De buenas a primeras, esta composición parece en todo semejante a la ⇒ octava.
Pese a ello Mercurio, o Hermes, en su huevo transparente, se levanta sobre la tierra de su nacimiento, que es ahora luminosa, como la diáfana substancia que constituye, según Savinien de Cyrano de Bergerac, la superficie ordinariamente inconcebible del sol. Es un verdadero placer leer lo que nos dice el filósofo con respecto a esta tierra sublimada que es la del matraz de Jacob Sulat y de las grandes llanuras del día, la que también es semejante a los copos de nieve ardiente.
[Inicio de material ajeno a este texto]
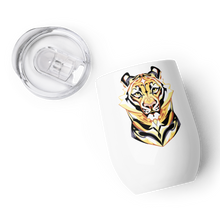 Load image into Gallery viewer, Tiger Mom - Wine tumbler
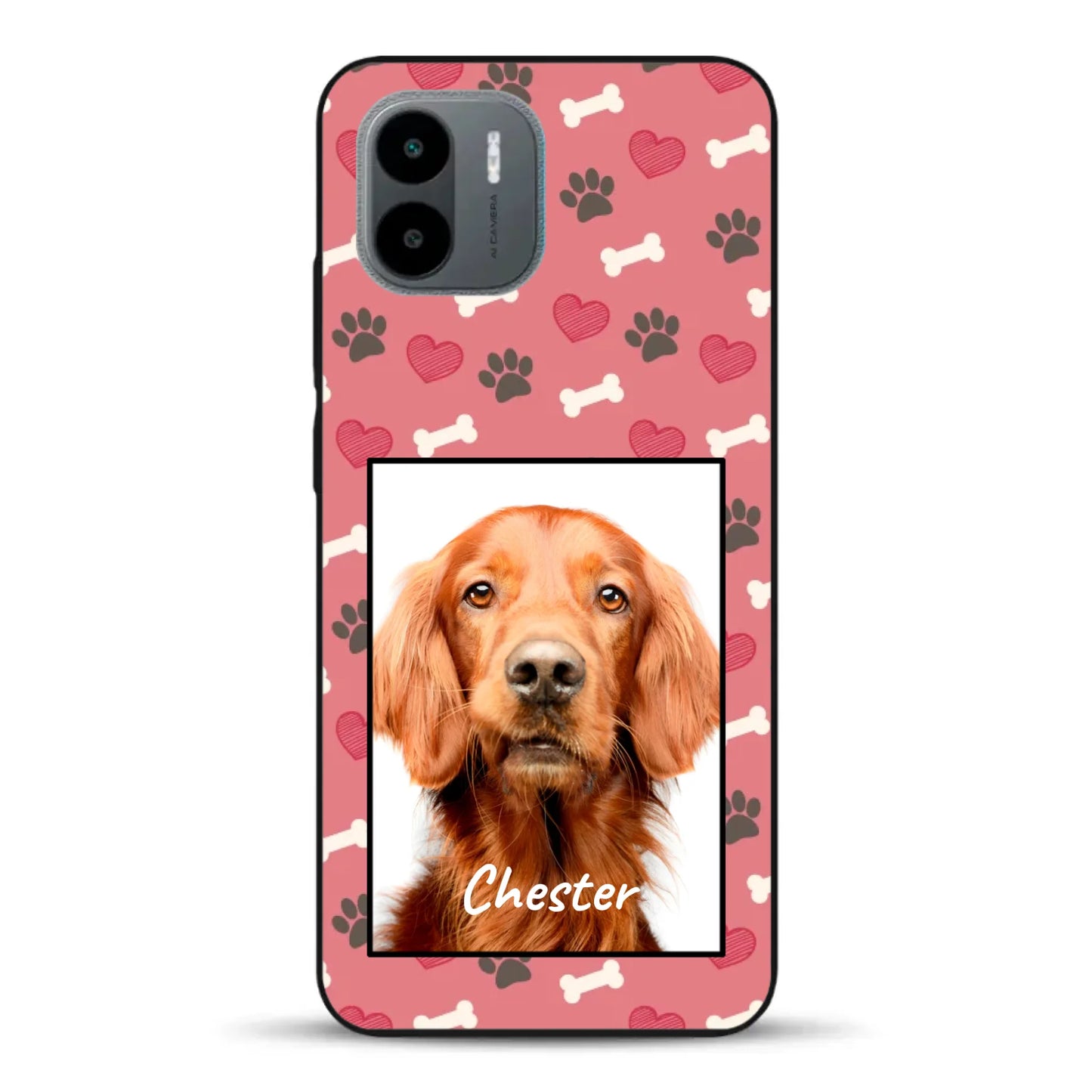 Paw Traits - Individuelle Handyhülle für Xiaomi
El dios Mercurio, en lugar del pétaso habitual lleva, esta vez también, una suerte de bonete. Este tocado, horadado por dos ojos abiertos y flanqueado por alas desplegadas, toma así el aspecto de una lechuza en vuelo.
He aquí curiosamente manifestado, el conocimiento que simboliza el pájaro nocturno, consagrado a Minerva y encaramado sobre un vaso en el anverso de las monedas de Atenas. Ilimitado saber suministrado por el mercurio de los filósofos que no tiene la menor relación con el azogue o el mercurio del comercio. El de los sabios, en el grado de exaltación que ha conseguido aquí, se convierte en un verdadero y profundísimo espejo, fuente de reflexión del presente eterno e inmutable.